§ **The problem**:
Each line from the one containing "Anne Griffin - L'isola" through the last line of the data below should be printed exactly, please, with any pictures omitted.

§ **Captioned web image data**:

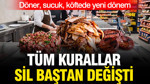 Döner, sucuk, köftede yeni dönem: Kurallar sil baştan değişti, artık bunlar yasak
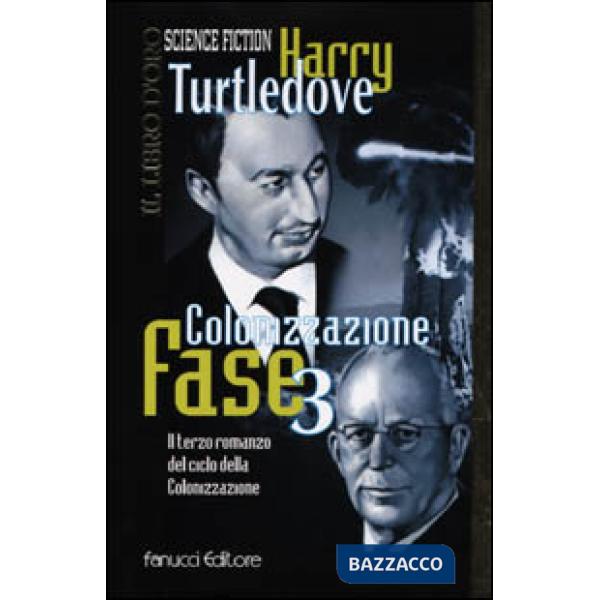 Colonizzazione. Fase 3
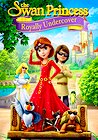 The Swan Princess: Royally Undercover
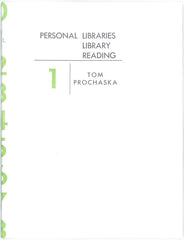 Personal Libraries Library Reading No. 1 by Tom Prochaska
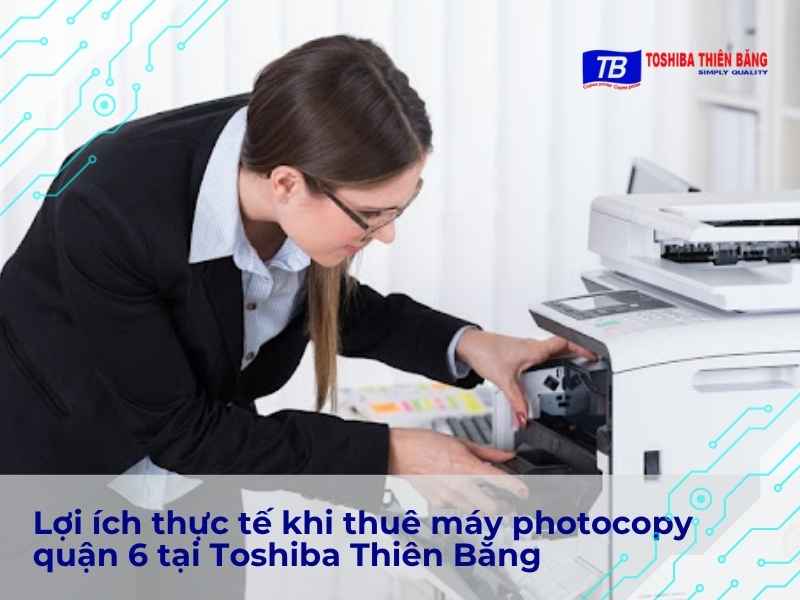 Lợi ích thực tế khi thuê máy photocopy quận 6 tại Toshiba Thiên Băng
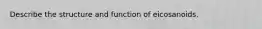 Describe the structure and function of eicosanoids.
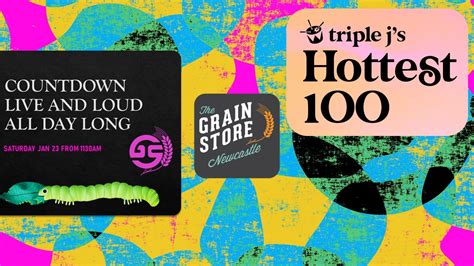 Triple J Hottest 100 Countdown 2021 The Grain Store Newcastle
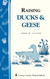 Raising Ducks & Geese: Storey's Country Wisdom Bulletin A-18 Raising Ducks & Geese: Storey's Country Wisdom Bulletin A-18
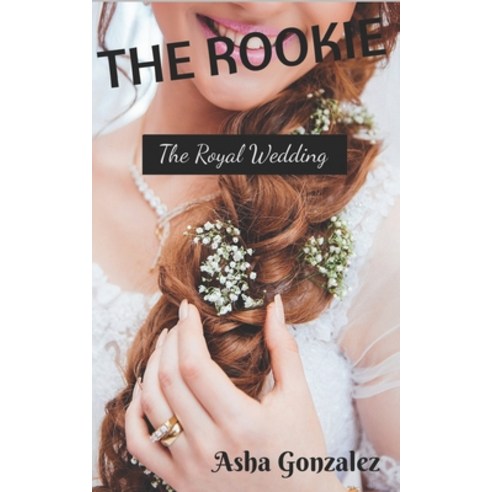 The Rookie: The Royal Wedding Paperback, Independently Published, English, 9798669011642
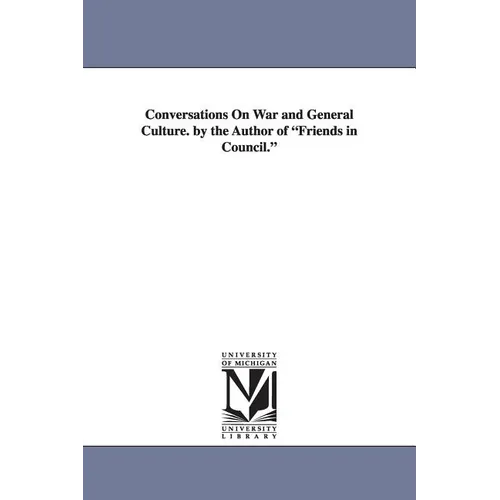 Conversations on War and General Culture. by the Author of Friends in Council.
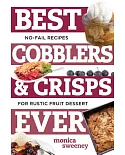 Best Cobblers & Crisps Ever: No-Fail Recipes for Rustic Fruit Desserts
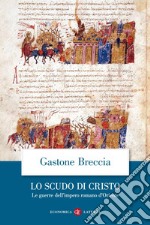 Lo scudo di Cristo: Le guerre dell'impero romano d'Oriente. E-book. Formato EPUB ebook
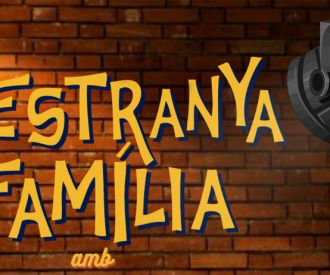 L'estranya família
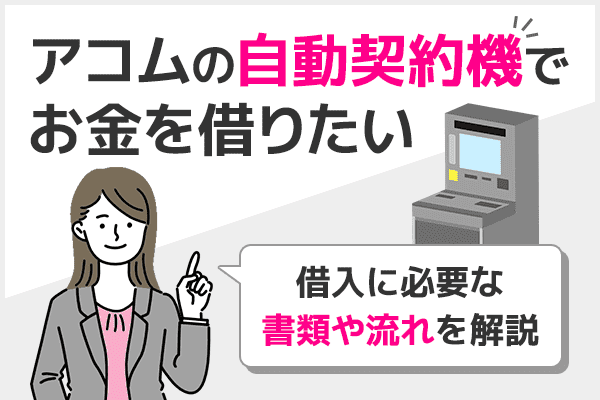 アコムの自動契約機でお金を借りる方法を解説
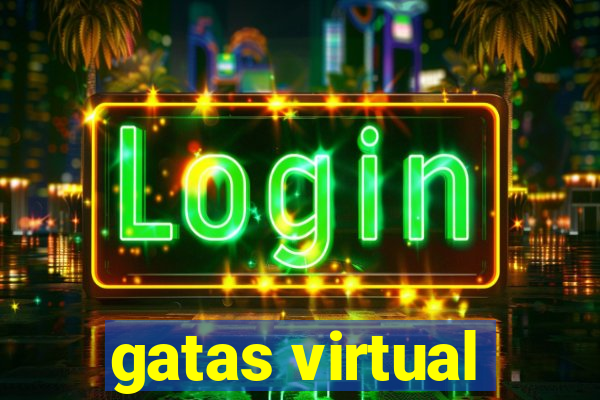 gatas virtual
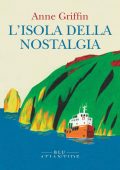 Anne Griffin - L'isola della nostalgia (2023)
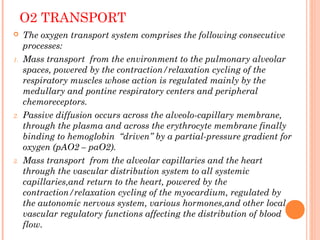 O2 TRANSPORT
 The oxygen transport system comprises the following consecutive
processes:
1. Mass transport from the environment to the pulmonary alveolar
spaces, powered by the contraction/relaxation cycling of the
respiratory muscles whose action is regulated mainly by the
medullary and pontine respiratory centers and peripheral
chemoreceptors.
2. Passive diffusion occurs across the alveolo-capillary membrane,
through the plasma and across the erythrocyte membrane finally
binding to hemoglobin ‘‘driven’’ by a partial-pressure gradient for
oxygen (pAO2 – paO2).
3. Mass transport from the alveolar capillaries and the heart
through the vascular distribution system to all systemic
capillaries,and return to the heart, powered by the
contraction/relaxation cycling of the myocardium, regulated by
the autonomic nervous system, various hormones,and other local
vascular regulatory functions affecting the distribution of blood
flow.
 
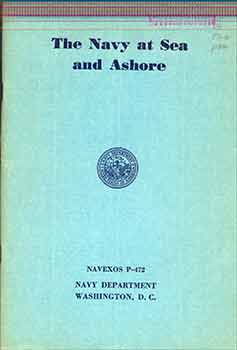 Item #18-7966 The Navy at Sea and Ashore: An Informal Account of the Organization and Workings of the Naval Establishment of the United States Today, with Some Historical Notes on Its Development. Robert Greenhalgh Albion, Samuel H. P. Read Jr.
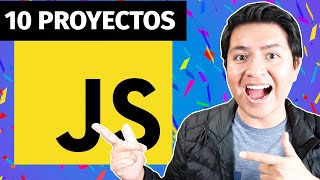 🔥 10 PROYECTOS COMPLETOS EN JAVASCRIPT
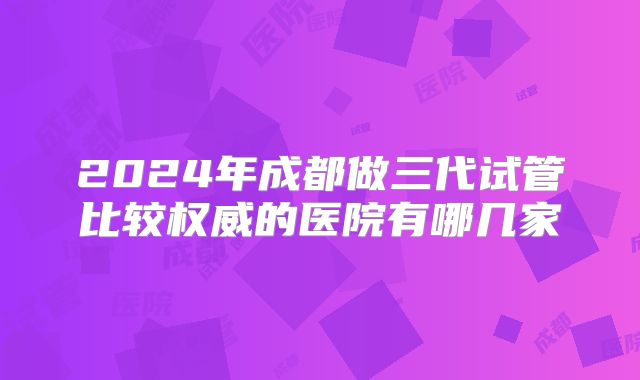 2024年成都做三代试管比较权威的医院有哪几家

§ **Answer section**:
 Anne Griffin - L'isola della nostalgia (2023)
 O2 TRANSPORT
 The oxygen transport system comprises the following consecutive
processes:
1. Mass transport from the environment to the pulmonary alveolar
spaces, powered by the contraction/relaxation cycling of the
respiratory muscles whose action is regulated mainly by the
medullary and pontine respiratory centers and peripheral
chemoreceptors.
2. Passive diffusion occurs across the alveolo-capillary membrane,
through the plasma and across the erythrocyte membrane finally
binding to hemoglobin ‘‘driven’’ by a partial-pressure gradient for
oxygen (pAO2 – paO2).
3. Mass transport from the alveolar capillaries and the heart
through the vascular distribution system to all systemic
capillaries,and return to the heart, powered by the
contraction/relaxation cycling of the myocardium, regulated by
the autonomic nervous system, various hormones,and other local
vascular regulatory functions affecting the distribution of blood
flow.
 
 Item #18-7966 The Navy at Sea and Ashore: An Informal Account of the Organization and Workings of the Naval Establishment of the United States Today, with Some Historical Notes on Its Development. Robert Greenhalgh Albion, Samuel H. P. Read Jr.
 🔥 10 PROYECTOS COMPLETOS EN JAVASCRIPT
 2024年成都做三代试管比较权威的医院有哪几家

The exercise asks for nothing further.